At Kwelia, we’re big fans of looking for answers in data. While we often explore rental market trends, we’ve also explored other topics, such as the correlation between gas prices and rental prices, and performed Twitter sentiment analysis for a VP debate. Pulling in outside data sources such as gas prices can help to highlight interesting trends while also revealing connections between data. With that in mind, if you’re looking to cast your data in a different context, which outside data should you investigate and where can you find it? While the answer will certainly vary depending on what you are interested in, when it comes to data, few, if any, companies have more of it than Google. In fact, the billions of searches per day that Google uses to tailor advertisements to users can also act in the aggregate as a powerful tool to observe trends.
Google search data has been used for a diverse set of purposes from influenza epidemiology and estimating retail sales to finding movements in unemployment, inflation, automobile demand, and vacation destinations. Others have also found a correlation between Google searches for home real estate agencies and the Case-Shiller housing price index (incidentally, Robert Shiller, one of the creators of the index, was recently a co-recipient of the 2013 Nobel Memorial Prize in Economics).
Does search interest translate into rental demand?
Given how well search volume is able to detect changes in a plethora of “real-world” data, how well does search volume track changes in rental prices? Put differently, do rent prices vary with more searches? With fewer?
Using Google Trends, we obtained time-series data on searches for apartments in the San Francisco Bay Area, New York City, Philadelphia, and Atlanta. The search data contains relative search volume rather than absolute search volume. That means, for example, that if we lookup the prevalence of the search term “smartphone” in San Francisco in September, rather than receiving results saying that “smartphone” was 5% of all SF searches in one week vs. 3% of SF searches in another week, the search interest is reported as numbers between 1 to 100. This is done by indexing the maximum frequency for the “smartphone” searches over the course of September at 100, and presenting all other data relative to that maximum. So, for this example, if the fractions of searches for the term “smartphone” out of all searches in SF over four weeks were 3%, 5%, 1%, and 4%, then their respective relative search indices would be 60, 100, 20, and 80 (since 3/5= 60% , 5/5= 100%, 1/5=20%, and so on).
Nevertheless, these relative measures are sufficient for comparing how shifts in search interest compare to rental price changes.

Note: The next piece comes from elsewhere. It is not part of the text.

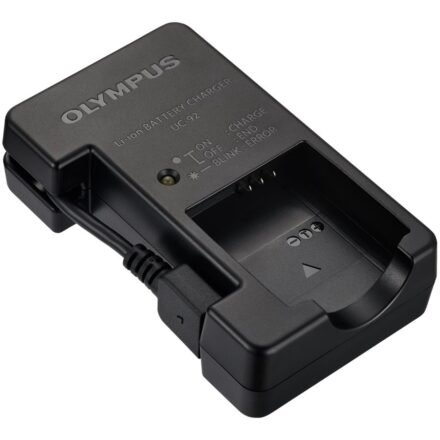 Olympus Olympus | UC-92 Battery USB Charger | V6210420W000 | Black V6210420W000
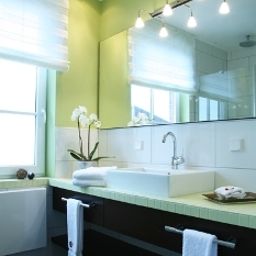 Cuarto de baño Seenelke Apart-Hotel Fotos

Remember, our interest is in finding correlations, which do not have dimensions. Against the Google Trends data, we pulled our own data on median rental rates (in dollars per square foot) for the relevant metropolitan areas over the same time periods.
We graphed the data for the Bay Area first:
Let’s get a bit formal: a little statistics
There appears to be a fairly strong similarity in how the search interest and the median rental rates move. But are we imagining things or is there a significant relationship here? To answer that question, we got nerdy so please excuse us if your eyes start to bleed! We calculated the correlation coefficient for the two data sets and performed a t-test to measure the significance of the correlation. From the t-distribution we found a two-tailed P value of less than .0001, which by conventional standards is extremely statistically significant. After repeating this for the New York, Philadelphia, and Atlanta data, we found that median rental rates in the other three cities also had statistically significant correlations with search interest.
So what does this all mean? Well, the correlation between searches and rental prices implies that search interest acts as a proxy for rental demand. In other words, keeping all things equal, if search volume increases, then prices increase (and vice versa).
Furthermore, the graphs clearly indicate that there is a time-lag between shifts in search interest and changes in rental rates. Thinking about this practically, this makes perfect sense, as savvy prospective buyers typically research apartments before purchasing.
Seasonality is also interesting. We can see that apartment searching research ramps up in late Winter before rental season begins and continues into Autumn, with consistently relatively low search interest in December. This, too, is consistent with our data which generally shows higher prices following periods of increased search interest.
Finally, here are a couple more pretty charts just for good measure:
NYC: we see a slight divergence in the search interest and price around late October 2012 that is partially due to time lags, but may also be due to the influence of Hurricane Sandy.